The Giants added on in their half of the seventh. Angel Pagan led off the inning with a base hit and Joe Panik ripped a shot off the bricks in right for an RBI double.

Moore departed with two out but two on in the eighth, and old Greybeard Joe Nathan quickly rapped up the inning.

Congrats on hit number 1,ooo. (Getty Images)
Because apparently it was so much fun, the Giants just kept scoring in the eighth. Posey drew a one-out walk and Pence followed with a single to right. Crawford then ripped his fourth hit of the evening, his second tripke, plating both runners. Crawford came home to score on Pagan's ground out.
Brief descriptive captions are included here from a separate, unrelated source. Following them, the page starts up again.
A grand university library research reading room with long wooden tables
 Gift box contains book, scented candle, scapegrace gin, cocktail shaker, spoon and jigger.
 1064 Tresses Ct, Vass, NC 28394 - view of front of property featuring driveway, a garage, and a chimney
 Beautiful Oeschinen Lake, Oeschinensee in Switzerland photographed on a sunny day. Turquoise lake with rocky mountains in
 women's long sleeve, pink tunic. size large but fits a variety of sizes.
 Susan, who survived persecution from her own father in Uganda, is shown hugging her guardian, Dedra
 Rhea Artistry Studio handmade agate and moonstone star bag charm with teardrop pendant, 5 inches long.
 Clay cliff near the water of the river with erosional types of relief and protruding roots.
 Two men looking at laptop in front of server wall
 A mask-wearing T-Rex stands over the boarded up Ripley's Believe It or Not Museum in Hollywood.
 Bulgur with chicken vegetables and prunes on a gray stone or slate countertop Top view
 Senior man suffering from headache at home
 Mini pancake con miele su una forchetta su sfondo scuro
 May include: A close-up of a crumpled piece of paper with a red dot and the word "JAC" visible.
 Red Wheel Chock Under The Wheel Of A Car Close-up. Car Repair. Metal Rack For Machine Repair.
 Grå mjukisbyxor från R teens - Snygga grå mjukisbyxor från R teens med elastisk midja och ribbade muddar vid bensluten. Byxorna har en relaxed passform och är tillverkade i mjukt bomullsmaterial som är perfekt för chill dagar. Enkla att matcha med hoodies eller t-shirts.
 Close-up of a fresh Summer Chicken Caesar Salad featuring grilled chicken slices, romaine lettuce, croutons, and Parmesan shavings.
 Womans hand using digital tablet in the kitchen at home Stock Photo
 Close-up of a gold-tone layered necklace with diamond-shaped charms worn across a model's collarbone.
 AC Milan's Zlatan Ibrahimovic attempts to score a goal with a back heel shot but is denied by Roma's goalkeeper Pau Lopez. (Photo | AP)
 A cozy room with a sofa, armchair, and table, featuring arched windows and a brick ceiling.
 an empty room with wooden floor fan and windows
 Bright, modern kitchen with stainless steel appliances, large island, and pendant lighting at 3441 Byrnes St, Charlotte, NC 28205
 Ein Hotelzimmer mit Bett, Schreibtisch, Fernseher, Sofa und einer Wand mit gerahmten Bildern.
Welcome back, Brandon. Could you maybe save a bit of that for the rest of the season? Or better yet, bottle it and spread it around to the rest of the team. Maybe he did. After a Panik triple, Gillespie got into the long ball act by lifting a shot toward McCovey Cove. The Giants had scored five times in the stanza to reach their final total.

Now this is still the Giants, so no game is complete without the prerequisite fright from the bullpen. Josh Osich surrendered  two runs on two hits and a walk in the Colorado ninth, with Stephan Cardillo's two-run double the big blow.

Crawford's four-hit night stole the offensive show but he was hardly alone. Belt and Pence each had three hits, while Span, Pagan, Panik and Gillespie had two apiece.

The Hunt for an Orange October continues on Wednesday with Jeff Samardzija (12–10, 3.83 ERA) going to the mound for San Francisco against Colorado's Tyler Chatwood (11–9, 4.08 ERA). The Mets will continue to battle the Marlins in Miami while in St. Louis, the  Cardinals again battle Cincinnati.